Looking at the attack vector in action, Klein explains, “When a user browses to the targeted bank a message is injected presenting a ‘new’ mandatory security measure, enforced by the bank, in order to use its online banking service. The initiative pretends to be an Android application that protects the phone’s SMS messages from being intercepted and will protect the user against fraud. How’s that for irony!”
Once the user clicks on “set the application” he is given further instructions to walk him though downloading and installing the application.
To complete the installation, the user is instructed to dial the number “325000”; the call is intercepted by the Android malware and an alleged activation code is presented, to be submitted later into the “bank’s site”. Besides concealing the true nature of the application, this “activation code” does not serve any legitimate purpose.
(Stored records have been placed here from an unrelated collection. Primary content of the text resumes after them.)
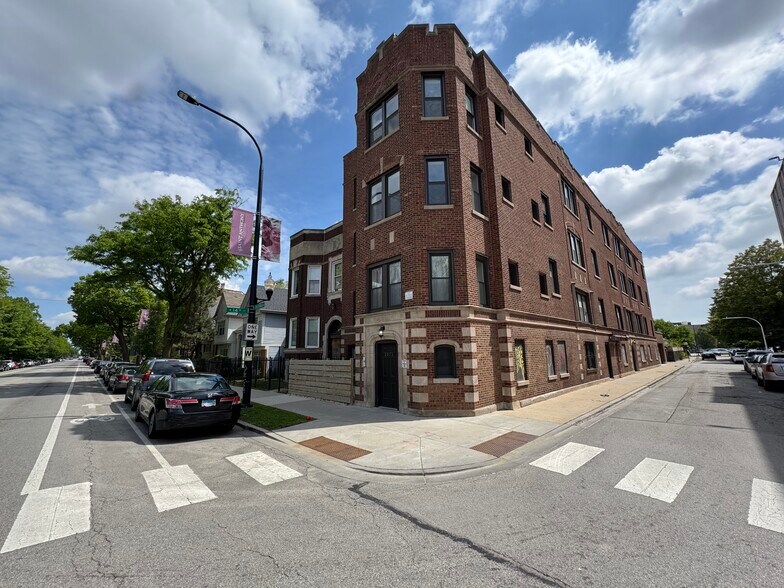 1371 S California Ave, Chicago, IL à vendre - Photo de l’immeuble – Image 2 sur 10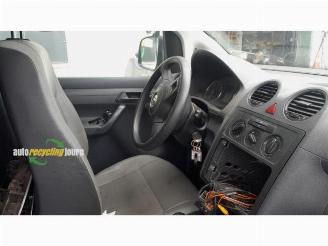 Volkswagen Caddy III onderdelen (kleur: LB9A) donorauto picture 23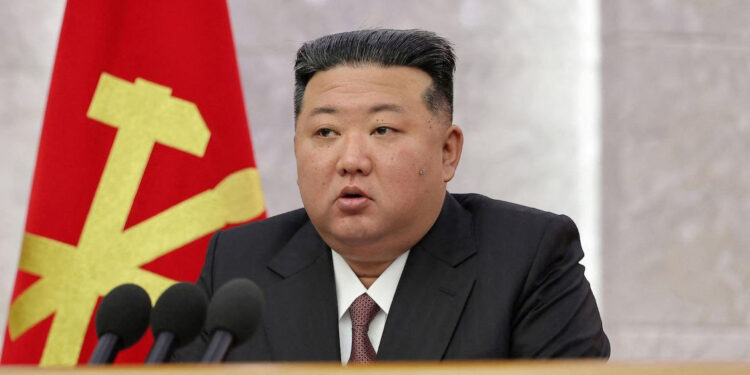 উত্তর কোরিয়ার শীর্ষ নেতৃত্বে কিম জং উন: পুনরায় দলীয় প্রধান নির্বাচিত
Once the Trojan has successfully installed, all incoming SMS messages are intercepted and transferred to the attacker’s Command and Control server. A code snippet is run when an SMS is received, creating a string, which will later be appended as a query string to a GET HTTP request, to be sent to the attacker’s drop zone.
“When examining the drop URLs, four of the domain names in use are not registered – yet!” Klein adds. “However, one of them is not new in relation to SpyEye – the domain “124ffsaf.com’, and has actually been “hopping’ around different IPs in several locations around the world. This attack, at the moment, is yet to gain momentum but that’s just a matter of time. This is a very real early warning and I’m pretty sure it’s only just started. I’m tempted to say ‘to be continued-Â¦'”
“What makes all of this so scary is that the application is not visible on the device’s dashboard, making it virtually undetectable, so users are not aware of its presence and will struggle to get rid of it.”